There are three common ways to harvest heat beneath the earth’s surface, and turn it into electricity. The first is a dry steam plant which collects steam from fractures in the ground, and uses that steam to power a turbine and create electricity. Method two is a flash plant which harvests high pressurized hot water from underground and mixes it with low pressurized cooler water to create steam. Once again, this steam is used to rotate a turbine and create electricity. The last method is something called a binary plant which collects hot water and then passes it by another fluid with a much lower boiling point. This causes the secondary liquid to vaporize, thereby creating steam and turning a turbine. Binary plants are the most environmentally friendly of the three, and release almost zero CO2 emissions. On top of this, these plants can run all day everyday as they do not require wind or sun. They are relatively inexpensive to operate making them very profitable over the long run. They have a small geological footprint and can generate electricity, heat, and cooling directly.
So why are we not building them? The United States of America is the largest producer of geothermal energy in the world, and yet Canada produces almost none. Canada has an abundant amount of potential for geothermal energy too, specifically in BC which lies within the Pacific Ring of Fire (a horseshoe shaped area full of active volcanos and earthquake zones). Even in Ontario, if you dug deep enough, you would be able to produce geothermal energy. On top of this, there already exists Canadian companies which operate geothermal plants outside of Canada, but not within Canada. So, to finally get to the point, here are the main reasons geothermal is not a prominent method of generation in Canada:
- Canada has plenty of cheap energy resources already. In BC and Yukon where the geothermal potential is greatest, there exists large hydropower stations which are both cheap and efficient. The BC government continues to invest in their hydropower, and easily meets their customer consumption demands. Investing in geothermal just seems like a waste of money and time.
- The upfront cost is too high for the risk. Drilling for geothermal deposits is just as complicated as drilling for oil and gas. Large amounts of research and construction must be done before any electricity is generated, making the costs seem not worth it.
- There is very minimal government interest. Many locations for rich geothermal energy are also locations for rich amounts of oil and gas. The government would rather produce more oil to increase exports than invest in a new process.

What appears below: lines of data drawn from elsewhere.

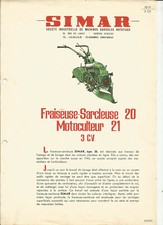 SIMAR MOTOR CULTIVATOR 21 + MILLING MACHINE 20 / catalogue brochure leaflet prospectus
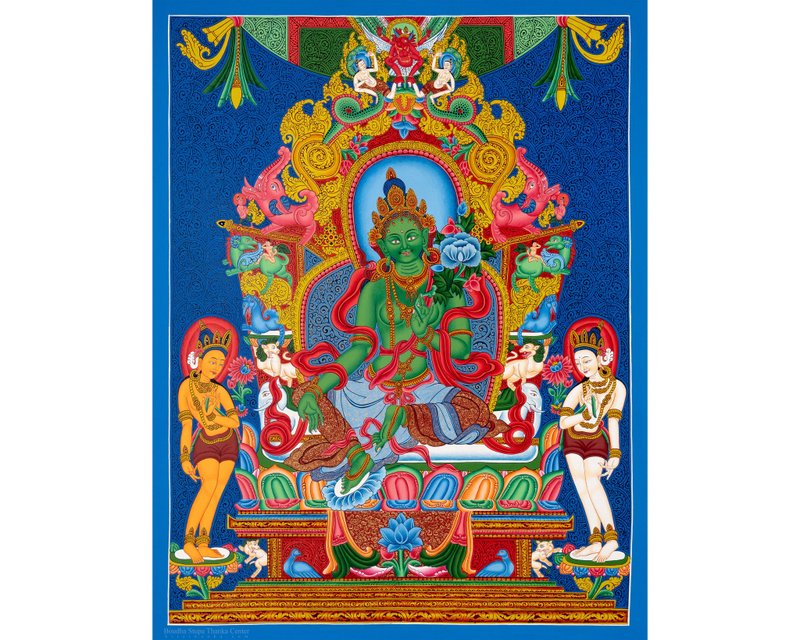 古董綠度母唐卡 - 啟蒙的象徵 - 壁貼/牆壁裝飾 - 其他材質 多色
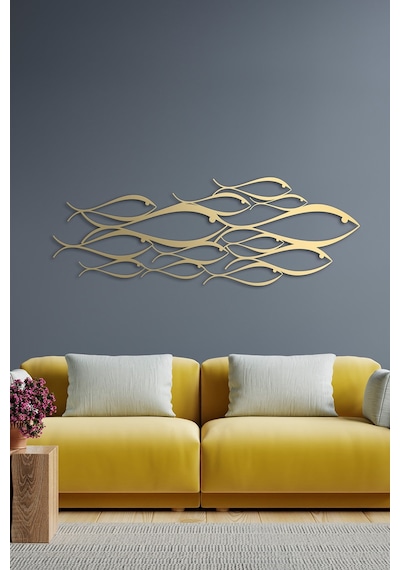 School Of Fish Metal Duvar Dekorasyonu - Gold - 150 X 53 Cm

Another issue that is not specific to Canada is that geothermal plants release large amounts of hydrogen sulfide gas into the air. The gas particles break down within a few days, but its initial high concentration levels can be hazardous to aquatic life, birds, and animals. Other waste chemicals can also be produced as a by-product which can contain varying health risks. Finally geothermal sites don’t last forever and their resource deposits can be depleted after a minimum of a few decades.
It may seem like geothermal energy will never exist in Canada, but I wouldn’t be so certain. The recent implementation of a carbon tax across the country may begin to cause oil and gas companies to look to invest their resources into more environmentally friendly areas of energy. The easiest transition for these companies would be to begin investing in geothermal energy which involves similar exploration and drilling processes. Unfortunately it is far too early to determine what will happen with geothermal energy in Canada. I can only hope that in the future, more people will see its true potential as a viable way to generate energy.